For a more extended discussion, see Pauline Kael's book Kiss Kiss Bang Bang.

Rumba

US (1935): Drama
77 min, No rating, Black & White

Paramount, having succeeded at the box office with the pseudo-primitive sexuality of BOLERO, pushed its luck the next year in this attempt at a follow-up. George Raft and Carole Lombard carry on some wriggling activity that is meant to be dancing. The film is beyond disaster. With Lynne Overman, Margo, Iris Adrian, Gail Patrick, Monroe Owsley, and Samuel S. Hinds. Directed, in a spirit of hopelessness, by Marion Gering.

The Russians Are Coming! The Russians Are Coming!

US (1966): Comedy
126 min, No rating, Color, Available on videocassette and laserdisc

Alan Arkin as a Russian sailor, and Carl Reiner as a vacationing New York writer, in a comedy about a Russian submarine going aground on an island just off Cape Cod. Norman Jewison directed this too warmly rambunctious entertainment, which was actually shot in Northern California. With Doro Merande hanging on a wall (the best gag in the movie), Brian Keith, Jonathan Winters, Eva Marie Saint, Ben Blue, John Phillip Law, Paul Ford, Theodore Bikel, and Tessie O'Shea. The script, by William Rose, is based on Nathaniel Benchley's novel The Off-Islanders. United Artists.

Ruthless People

US (1986): Comedy
93 min, Rated R, Color, Available on videocassette and laserdisc

A lot of normally bright people seem to like getting dumbed-out when they go to movies in the summer, and that may explain the whooping-it-up hot-weather audience for this cheesy low farce, with Danny De Vito as a thieving millionaire who wants to kill his heiress wife (Bette Midler) and is overjoyed when she's kidnapped. With Judge Reinhold and Helen Slater (who has good eyes for rolling) as the warmhearted kidnappers; Anita Morris as the husband's mistress (she looks as if she could do considerably better); Bill Pullman as the mistress's ninny of a lover; and William G. Schilling as the police commissioner. Directed by the AIRPLANE! threesome--Jim Abrahams, David Zucker, and Jerry Zucker--from a script, by Dale Launer, that provides a semblance of clever construction, though you see each complication being set in place. (The plot is a reworking of an O. Henry story that has served many other screenwriters, as in the 1958 TOO MANY CROOKS and the 1967 THE HAPPENING.) Touchstone (Disney).

Ryan's Daughter

UK (1970): Romance/Drama
176 min, Rated PG, Color, Available on videocassette and laserdisc

Gush made respectable by millions of dollars tastefully wasted.

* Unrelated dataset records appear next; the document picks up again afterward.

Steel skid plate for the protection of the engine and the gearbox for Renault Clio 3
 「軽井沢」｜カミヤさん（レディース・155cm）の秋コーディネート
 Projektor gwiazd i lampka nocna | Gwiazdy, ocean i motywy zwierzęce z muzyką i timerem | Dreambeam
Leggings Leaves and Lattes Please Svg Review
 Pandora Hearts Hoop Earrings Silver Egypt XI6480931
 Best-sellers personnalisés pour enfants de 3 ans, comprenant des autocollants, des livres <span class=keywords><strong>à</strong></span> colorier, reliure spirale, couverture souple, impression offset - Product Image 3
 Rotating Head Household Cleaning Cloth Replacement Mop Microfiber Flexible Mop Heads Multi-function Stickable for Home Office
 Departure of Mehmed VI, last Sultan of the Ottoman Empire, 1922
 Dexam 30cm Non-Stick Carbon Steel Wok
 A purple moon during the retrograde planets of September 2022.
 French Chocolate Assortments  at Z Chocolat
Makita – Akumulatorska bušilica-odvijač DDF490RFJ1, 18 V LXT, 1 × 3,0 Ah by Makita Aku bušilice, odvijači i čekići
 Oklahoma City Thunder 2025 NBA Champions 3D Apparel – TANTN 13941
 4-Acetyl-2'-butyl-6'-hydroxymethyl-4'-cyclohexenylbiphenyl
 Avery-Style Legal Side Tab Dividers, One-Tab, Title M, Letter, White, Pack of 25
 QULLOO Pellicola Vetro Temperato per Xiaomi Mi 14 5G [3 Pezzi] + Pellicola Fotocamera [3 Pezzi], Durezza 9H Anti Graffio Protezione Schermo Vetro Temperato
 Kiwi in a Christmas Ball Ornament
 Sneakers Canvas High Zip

Sarah Miles marries Robert Mitchum but experiences rapture with Christopher Jones. Directed by David Lean, on a cosmic scale, from Robert Bolt's script. With John Mills, Trevor Howard, and Leo McKern. Cinematography by Freddie Young; music by Maurice Jarre. MGM.
For a more extended discussion, see Pauline Kael's book Deeper into Movies.